In such fields as packet communication typified by digital communication and Internet communication, or speech storage, speech signal encoding/decoding technology is essential for making efficient use of radio wave transmission path capacity and storage media, and many speech encoding/decoding methods have been developed to date.
Among these, a CELP (Code Excited Linear Prediction) type speech encoding/decoding method is widely used as a main stream method when encoding/decoding speech signals at a medium or low bit rate. A CELP type speech encoding/decoding method is disclosed in Document 1 (Proc. ICASSP '85, pp.937-pp.940, 1985).
In a CELP type speech encoding/decoding method, a digitized speech signal is divided into frames of approximately 20 ms, linear predictive analysis of the speech signal is performed every frame and the linear predictive count and linear predictive residual vector are found, and this linear predictive count and linear predictive residual vector are encoded/decoded individually. This linear predictive residual vector is also called an excitation signal vector.
A linear predictive residual vector is encoded/decoded using an adaptive code book that holds drive sound source signals generated in the past and a fixed code book that stores a specific number of fixed-form vectors (fixed code vectors).
This adaptive code book is used to represent a cyclic component possessed by a linear predictive residual vector. On the other hand, the fixed code book is used to represent a non-cyclic component in a linear predictive residual vector that cannot be represented with the adaptive code book. In general, linear predictive residual vector encoding/decoding processing is performed in subframe units resulting from dividing frames into shorter time units (of approximately 5 ms to 10 ms).
With CELP, the pitch cycle is sought from a linear predictive residual vector, and coding is performed. A conventional linear predictive residual pitch cycle search apparatus is described below. FIG. 1 is a block diagram showing the configuration of a conventional pitch cycle search apparatus.
The pitch cycle search apparatus 10 in FIG. 10 is mainly composed of a Pitch Cycle Indicator (PCI) 11, Adaptive Code Book 12 (ACB), Adaptive Sound Source Vector Generator (ASSVG) 13, Integral Pitch Cycle Searcher (IPCS) 14, Fractional Pitch Cycle Adaptive Sound Source Vector Generator (FPCASSVG) 15, Fractional Pitch Cycle Searcher (FPCS) 16, and Distortion Comparator (DC) 17.

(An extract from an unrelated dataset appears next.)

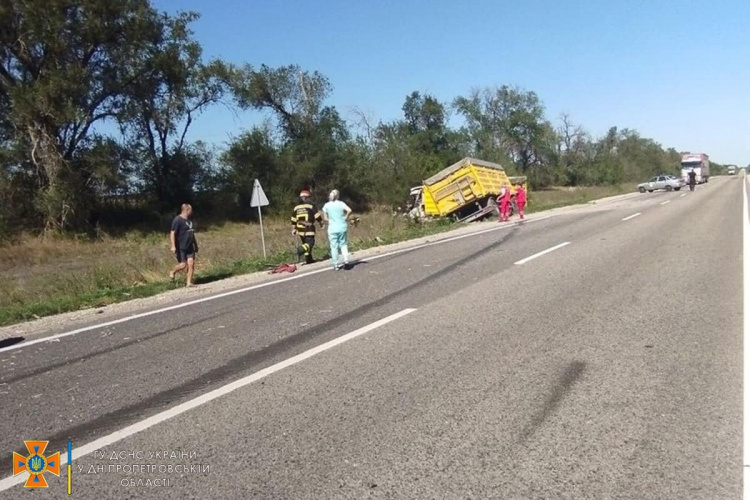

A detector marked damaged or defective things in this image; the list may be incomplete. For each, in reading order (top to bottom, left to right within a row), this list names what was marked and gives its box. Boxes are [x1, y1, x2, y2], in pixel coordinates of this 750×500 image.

overturned yellow truck [408, 158, 524, 223]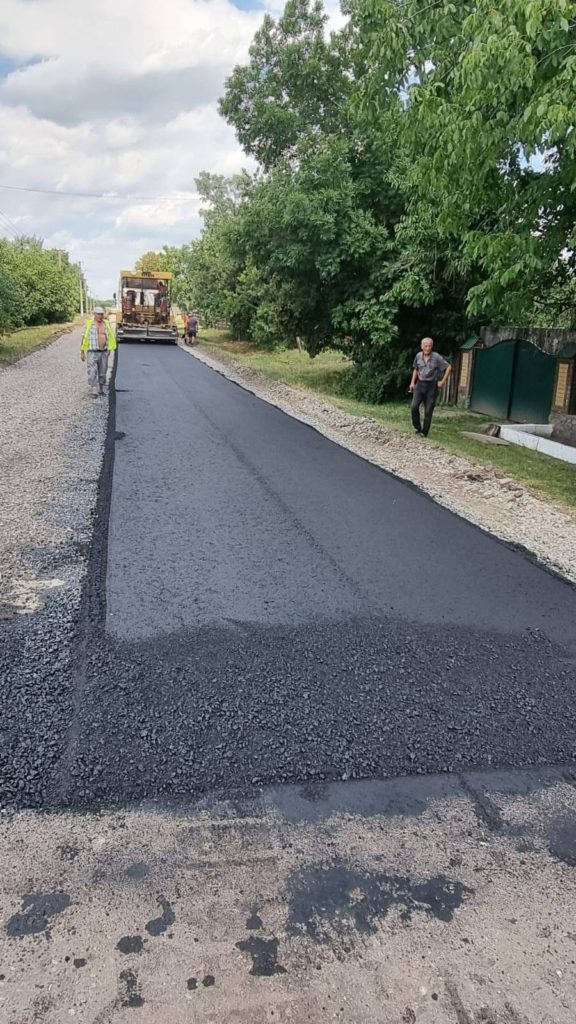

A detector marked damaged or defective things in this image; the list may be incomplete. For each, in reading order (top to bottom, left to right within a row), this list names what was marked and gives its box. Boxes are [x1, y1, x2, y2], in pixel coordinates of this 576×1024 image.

old cracked asphalt [59, 344, 573, 806]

The Pitch Cycle Indicator (PCI) 11 sequentially indicates to the Adaptive Sound Source Vector Generator (ASSVG) 13 desired pitch cycles T-int within a preset pitch cycle search range. For example, when the CELP speech encoding/decoding apparatus performs encoding and decoding of a 16 kHz speech signal, and the target vector pitch cycle search range is preset from 32 to 267 at integral accuracy, and from 32+½, 33+½, . . . , to 51+½ at ½ fractional accuracy, the Pitch Cycle Indicator (PCI) 11 outputs 236 kinds of pitch cycle T-int (T-int=32, 33, . . . , 267) to the Adaptive Sound Source Vector Generator (ASSVG) 13. The Adaptive Code Book 12 (ACB) stores drive sound source signals generated in the past.
Next, the Adaptive Sound Source Vector Generator (ASSVG) 13 extracts from the Adaptive Code Book 12 (ACB) the adaptive sound source vector p(t-int) that has integral-accuracy pitch cycle T-int received from the Pitch Cycle Indicator (PCI) 11, and outputs it to the Integral Pitch Cycle Searcher (IPCS) 14.
The processing for extracting adaptive sound source vector p(t-int) that has integral-accuracy pitch cycle T-int from the Adaptive Code Book 12 (ACB) is described below. FIG. 2 is a drawing showing an example of frame configuration.
In FIG. 2, frame 21 and frame 31 are past drive sound source signal sequences stored in the adaptive code book. The Adaptive Sound Source Vector Generator (ASSVG) 13 searches for the frame pitch cycle between lower limit 32 and upper limit 267 of the pitch cycle search range.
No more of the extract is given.